Opponents may call this privatisation by stealth. But the goal is not to dismantle government schools—it is to make them compete fairly. A high-performing government school would still qualify for the voucher. But now, it would need to deliver real results to attract and retain students. The current system rewards longevity and headcounts. A choice-based model would reward outcomes. Strong public schools would thrive. Ineffective ones—whether public or private—would be outcompeted, as they should.
US’ ‘school choice’ model
There is international precedent for this. US states like Arizona and Florida have introduced voucher programs and education savings accounts. Sweden’s universal voucher system has led to the proliferation of tuition-free, high-quality private schools under government oversight. In India, pilot programs in Gujarat and Andhra Pradesh have shown measurable learning gains among students who received school choice vouchers.
The fiscal case is equally compelling. Education is among the top three bureaucratic employers in Indian states, alongside the civil services and state electricity boards. In Punjab, more than 52% of the education budget goes to salaries and pensions—a structural cost that escalates each year, regardless of learning outcomes. Simply raising funding without restructuring how it’s spent deepens inefficiency. In contrast, a rental-plus-voucher system—where the state leases infrastructure to private operators and funds students directly—could dramatically cut waste and foster a new generation of education entrepreneurs accountable to parents, not ministries.
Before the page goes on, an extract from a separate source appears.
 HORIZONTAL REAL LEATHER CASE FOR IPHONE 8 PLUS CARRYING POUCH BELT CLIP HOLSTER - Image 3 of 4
Imagine the government leasing school buildings to private operators—educational trusts, NGOs, or socially responsible corporations—who then run the schools, hire staff, and are paid based on enrollment and student performance with vouchers per child. Lease payments due to Government could be deducted from the voucher amount, saving government resources and monetizing infrastructure. Where no lease is needed, the full voucher amount would be paid toward tuition. Transparent audits and performance tracking would ensure accountability and safeguard public money.
Political will is key
Yes, reform would require political will. Unions may resist. Bureaucrats may feel threatened. Equity concerns will surface. But none of these challenges are insurmountable. Teachers can be retained under new systems or offered early retirement. Minimum access quotas for disadvantaged students can be mandated by law. Technology can monitor outcomes, and third-party audits can ensure transparency.
India’s education spending has long hovered between 2.8% and 3.1% of GDP—well below the recommended 6%. This chronic underinvestment, paired with ineffective delivery, has left schools under-resourced and learning outcomes poor. Punjab, like many states, simply cannot afford to spend ₹64,000 per student and continue to produce children who cannot read or do basic math. If such a significant investment fails to deliver foundational skills, then the system is broken.
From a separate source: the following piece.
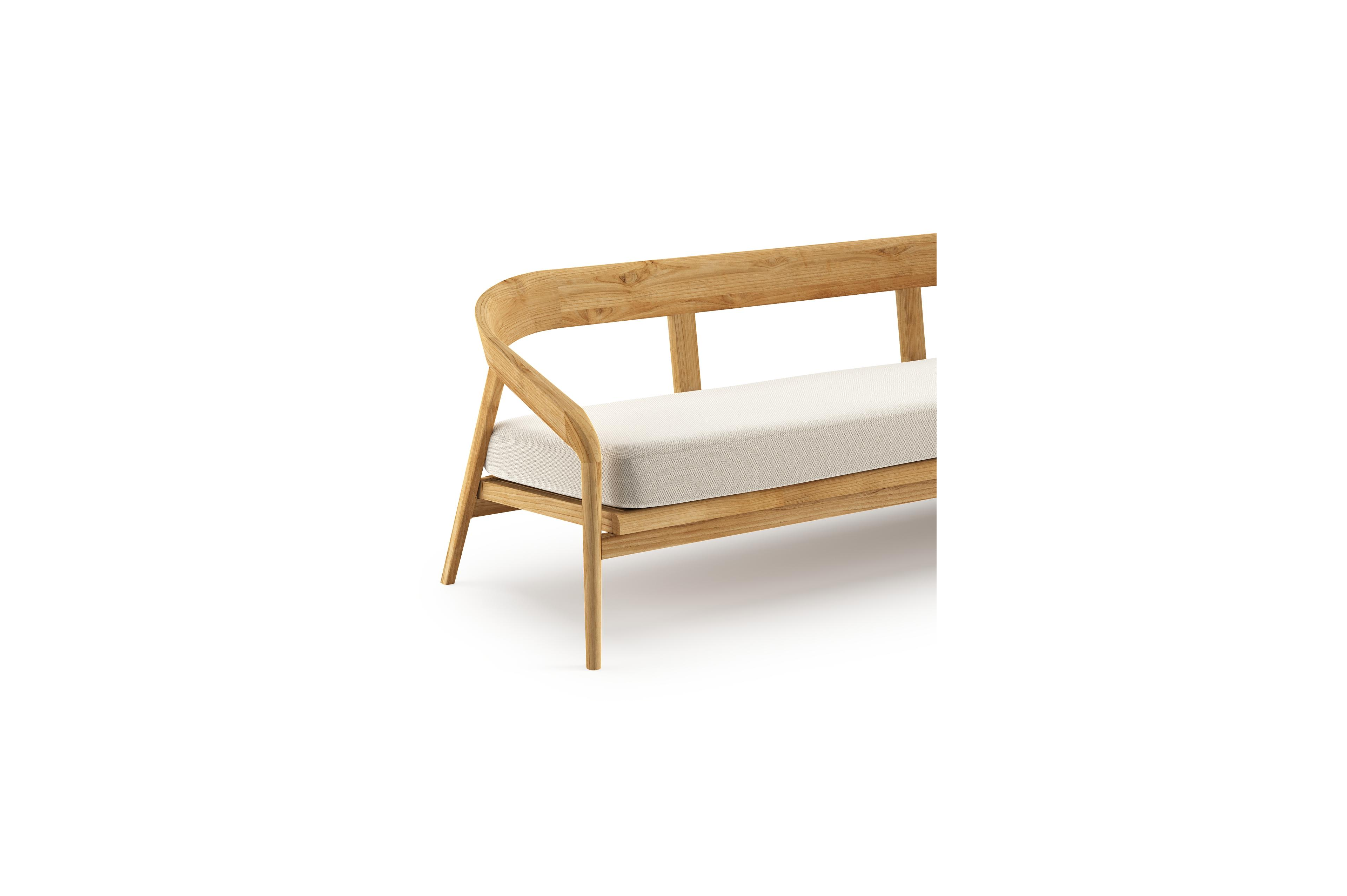 Lacrima loungeset in teak met lopi marble all weather Sunbrella® luxe kussen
A model where money follows the student—where choice, competition, and outcomes drive improvement—is not just bold. It is necessary. Embracing public-private partnerships and moving beyond the outdated monopoly of state delivery can elevate learning, foster innovation, and ensure value for public investment. With thoughtful design, accountability, and safeguards, India can build a system worthy of its children. The time to act is now.